确实,咖啡机在运作的同时,员工在维护咖啡机、给咖啡机加水。但这就是关键所在:我们的参考系是员工,而非整个系统。相应地,代码就是那个做咖啡的员工。

It's the same when you make a database query. After you've sent the query to the database server, the CPU on the database server will be working on your request while you wait for a response. In practice, it's a way of parallelizing your work.
在进行数据库查询时也是如此:你将查询请求发送给数据库服务后,当你在等待响应时,数据库服务所在的服务器的CPU会处理查询请求。实际上,这也是一种将工作并行化的方式。

Concurrency is about working smarter. Parallelism is a way of throwing more resources at the problem.

并发是关于如何更聪明*地工作,换一种说法就是,并发考虑的是如何更优地利用好资源以达到效率的最大化。并行性是投入更多资源来解决问题的一种方式。

聪明*:smarter,这里可以理解为——以更优的方式利用资源。

Concurrency and its relation to I/O 并发与I/O的关系

As you might understand from what I've written so far, writing async code mostly makes sense when you need to be smart to make optimal use of your resources.

到目前为止,你大概已经理解了,当你需要优化资源使用时,编写异步代码通常是有效的。

Now, if you write a program that is working hard to solve a problem, there often is no help in concurrency, this is where parallelism comes in to play since it gives you a way to throw more resources at the problem if you can split it into parts that you can work on in parallel.

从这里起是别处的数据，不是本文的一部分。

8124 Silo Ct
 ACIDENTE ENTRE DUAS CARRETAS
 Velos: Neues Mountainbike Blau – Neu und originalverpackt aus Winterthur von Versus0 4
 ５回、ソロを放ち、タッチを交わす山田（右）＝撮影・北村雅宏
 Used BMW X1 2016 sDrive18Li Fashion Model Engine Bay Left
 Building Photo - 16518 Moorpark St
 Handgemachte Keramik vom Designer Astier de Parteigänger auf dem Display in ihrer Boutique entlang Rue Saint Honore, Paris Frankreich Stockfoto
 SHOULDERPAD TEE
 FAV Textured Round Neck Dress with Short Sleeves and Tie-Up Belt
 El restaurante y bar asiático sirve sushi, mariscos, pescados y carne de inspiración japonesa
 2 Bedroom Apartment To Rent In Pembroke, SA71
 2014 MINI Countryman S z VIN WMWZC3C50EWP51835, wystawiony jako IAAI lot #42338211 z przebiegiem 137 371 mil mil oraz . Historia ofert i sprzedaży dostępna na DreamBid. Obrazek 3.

而如果你在编写的程序是需要大量计算来解决问题的,那么并发通常帮不上什么忙。此时就轮到并行出场了。并行提供了一种给解决问题提供更多资源的方式。如果你可以将问题分解成多个部分,那么就可以并行地处理它了。

I can see two major use cases for concurrency:

我认为的两种主要能够使用并发的情况:

  1. When performing I/O and you need to wait for some external event to occur
    当进行I/O时,你需要等待某些外部事件的发生。
  2. When you need to divide your attention and prevent one task from waiting too long
  3. 当你需要分散精力,防止任务等待时间过长。

The first is the classic I/O example: you have to wait for a network call, a database query or something else to happen before you can progress a task. However, you have many tasks to do so instead of waiting you continue work elsewhere and either check in regularly to see if the task is ready to progress or make sure you are notified when that task is ready to progress.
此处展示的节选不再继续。